SUBJECTS AND METHODS  
Subjects
Male patients (n = 180) aged <65 y who were admitted to the Royal Infirmary of Edinburgh with AMI within 12 h after onset of symptoms were studied between March 1992 and August 1994; the last follow-up clinic was held in early November 1994. Patients were excluded if they had had angina pectoris (>6 mo duration) or a previous AMI and therefore might have changed their diet. Patients with major psychiatric disorders, established diabetes, or major life-threatening illnesses; patients who abused drugs or alcohol or were institutionalized; and nonwhite patients were also excluded. The diagnosis of AMI was based on electrocardiographic and enzyme changes. Peak creatine phosphokinase (CPK) activity was 962 ± 58 U/L, whereas the reference range for men is 30–200 U/L. The response rate was 96% of eligible patients.

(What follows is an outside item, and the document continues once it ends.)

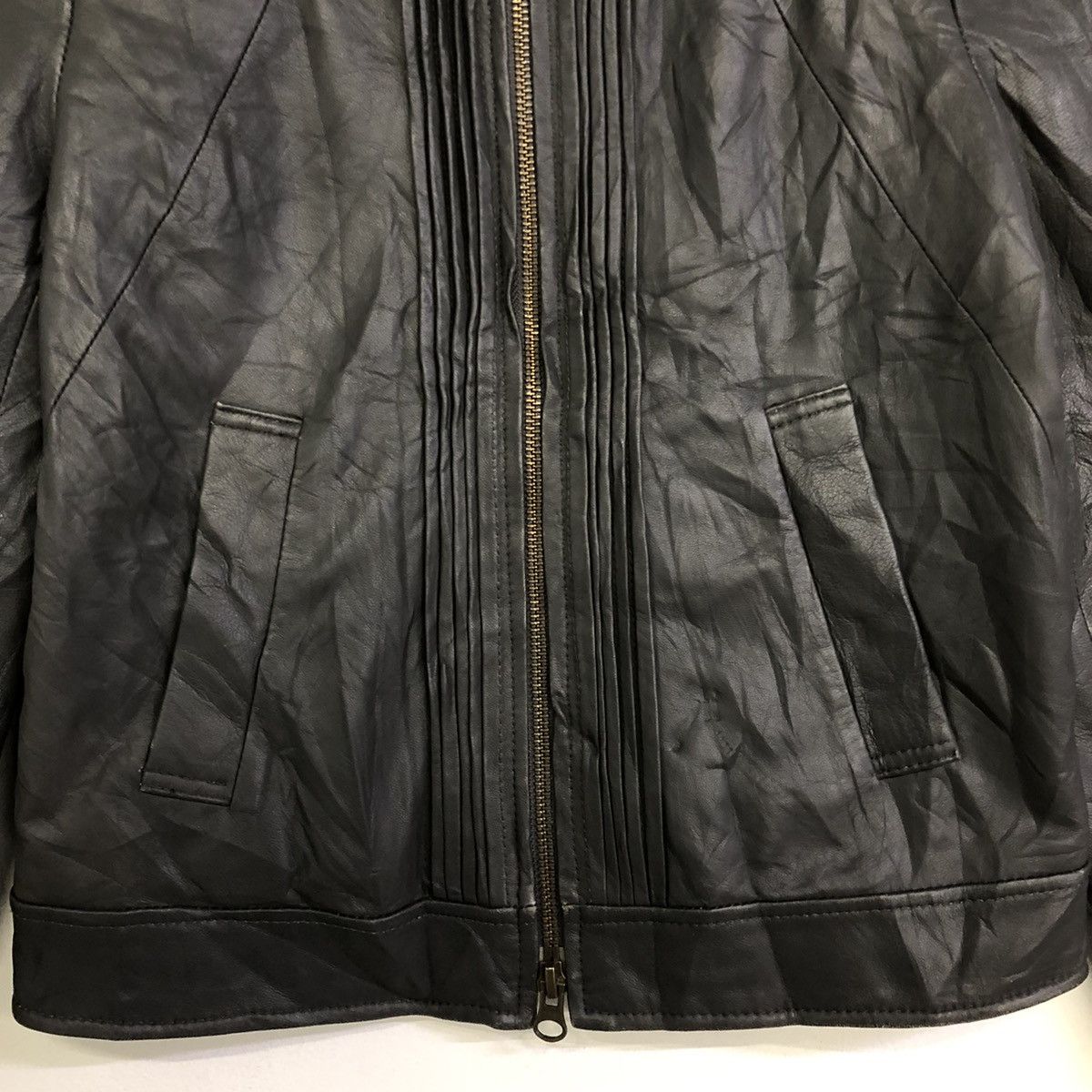 Japanese Brand Esnation Bis Lamb Leather Women Jacket Size S / US 4 / IT 40 - 6 Thumbnail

Vitamin C status declines during AMI (14). We therefore reexamined patients 83 ± 14 d after AMI. Follow-up took place >100 d after AMI in 10 patients. There were 3 deaths and 13 refusals to attend follow-up. Patients with AMI could be referred to a dietitian 4–6 wk after discharge. After March 1993, patients attended group sessions to reduce their CHD risk but were not advised to use vitamin C supplements.

The names and addresses of the control subjects were obtained from the Lothian Health Board Central Register, which listed a systematic sample of men aged 30–64 y. These men were age-matched (within a 5-y band) with the patients. The original cohort consisted of 486 men. The general practitioners of these potential control subjects were asked to exclude men by using the same exclusion criteria described above or for any other confidential reasons. Sixty men could not be traced. Sixteen general practitioners refused to participate. Eight men had died and 93 were excluded because of CHD, diabetes, hypertension, hyperlipidemia, or major illness. The general practitioners excluded another 37 men for various other reasons. Letters of invitation were sent to 272 men. One reminder was mailed within 2–3 wk if necessary. The response rate was 65%.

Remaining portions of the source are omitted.